──────── Task material
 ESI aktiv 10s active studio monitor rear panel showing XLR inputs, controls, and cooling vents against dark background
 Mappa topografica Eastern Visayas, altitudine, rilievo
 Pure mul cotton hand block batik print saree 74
────────────────
──────── Task material
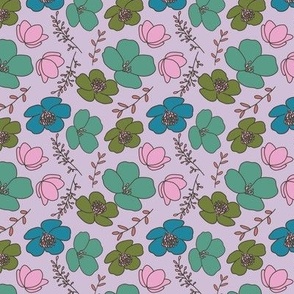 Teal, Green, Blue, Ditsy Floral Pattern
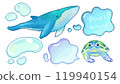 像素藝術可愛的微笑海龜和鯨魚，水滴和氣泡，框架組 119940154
────────────────
──────── Task material
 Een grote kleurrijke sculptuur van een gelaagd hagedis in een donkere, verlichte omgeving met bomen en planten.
────────────────
_What to work on_
Go to the line above holding "Teal, Green, Blue, Ditsy Floral Pattern", then copy exactly each line down to and including the one holding "像素藝術可愛的微笑海龜和鯨魚，水滴和氣泡，框架組 119940154", leaving pictures out.

_Problem solution_
 Teal, Green, Blue, Ditsy Floral Pattern
 像素藝術可愛的微笑海龜和鯨魚，水滴和氣泡，框架組 119940154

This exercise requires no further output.